Under what condition does a Python subprocess get a SIGPIPE?

Question

I am reading the the Python documentation on the Popen class in the subprocess module section and I came across the following code:

p1 = Popen(["dmesg"], stdout=PIPE)
p2 = Popen(["grep", "hda"], stdin=p1.stdout, stdout=PIPE)
p1.stdout.close()  # Allow p1 to receive a SIGPIPE if p2 exits.
output = p2.communicate()[0]

The documentation also states that

"The p1.stdout.close() call after starting the p2 is important in order for p1 to receive a SIGPIPE if p2 exits before p1.

Why must the p1.stdout be closed before we can receive a SIGPIPE and how does p1 knows that p2 exits before p1 if we already closed it?

Answer 1

SIGPIPE is a signal that would be sent if dmesg tried to write to a closed pipe. Here, dmesg ends up with two targets to write to, your Python process and the grep process.

That's because subprocess clones file handles (using the os.dup2() function).
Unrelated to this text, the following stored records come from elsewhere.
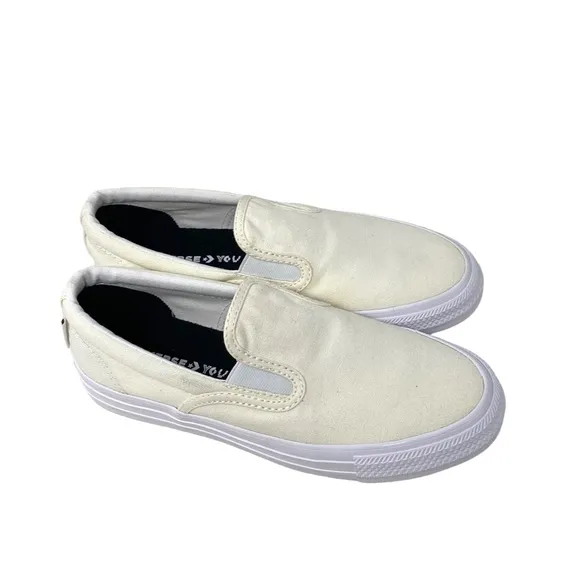Converse Ctas Slip On Low Top Canvas White Women's Sneakers Custom 171852C-WHT
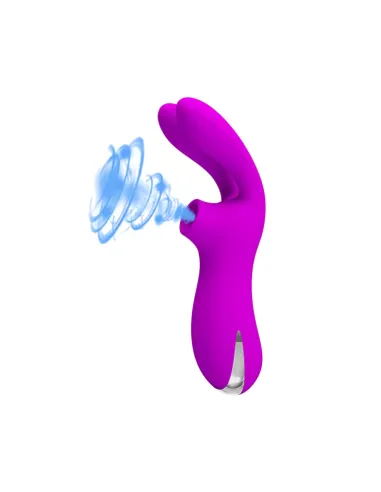 Vibrador y succionador de clitoris 7 funciones silicona usb recargable 16cm x 4cm | Pretty love | Succionadores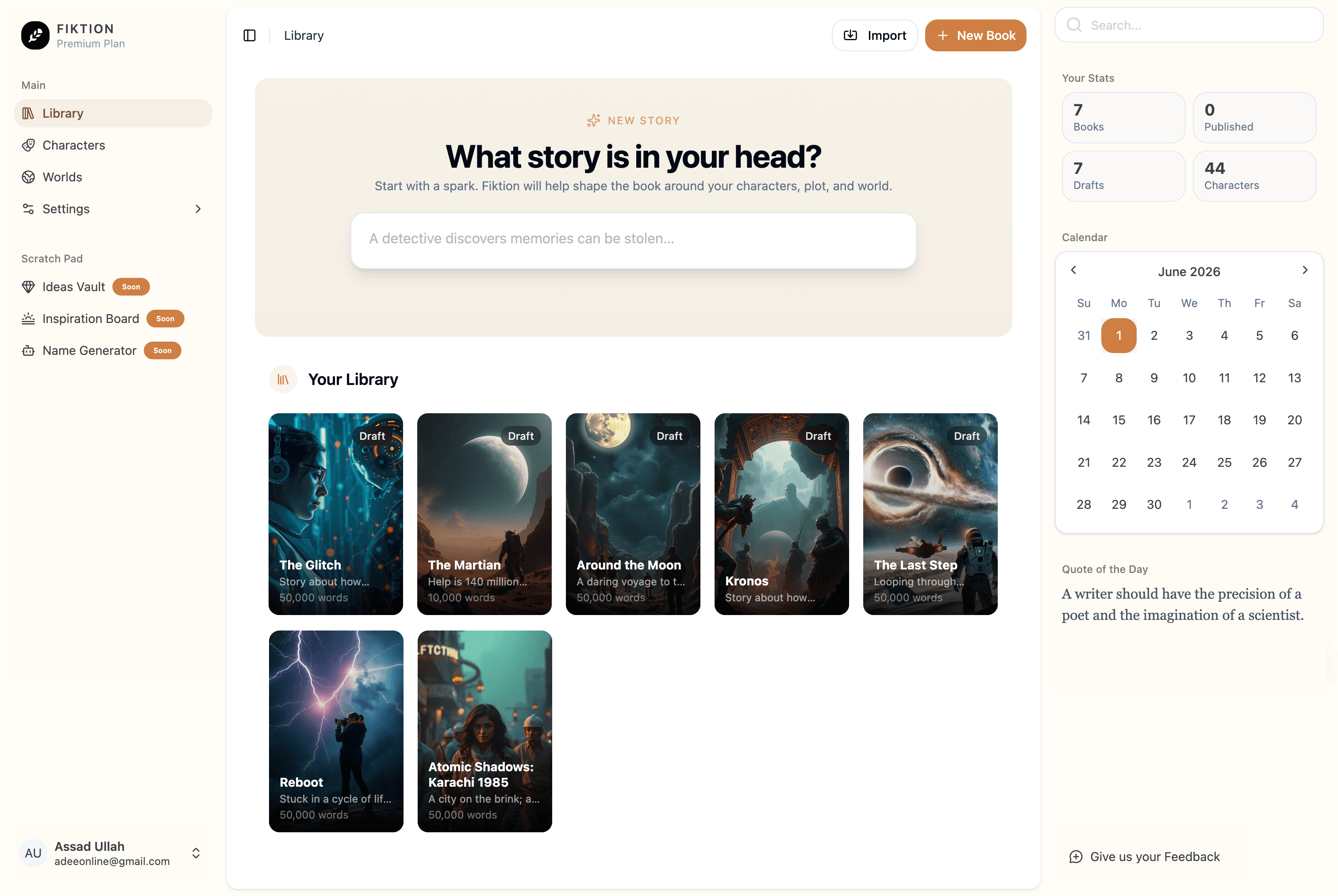 The Fiktion writing app — your library of books, calendar and daily writing quote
Configuring p2 to use p1.stdout triggers a os.dup2() call that asks the OS to duplicate the pipe filehandle; the duplicate is used to connect dmesg to grep.

With two open file handles for dmesg stdout, dmesg is never given a SIGPIPE signal if only one of them closes early, so grep closing would never be detected. dmesg would needlessly continue to produce output.

So by closing p1.stdout immediately, you ensure that the only remaining filehandle reading from dmesg stdout is the grep process, and if that process were to exit, dmesg receives a SIGPIPE.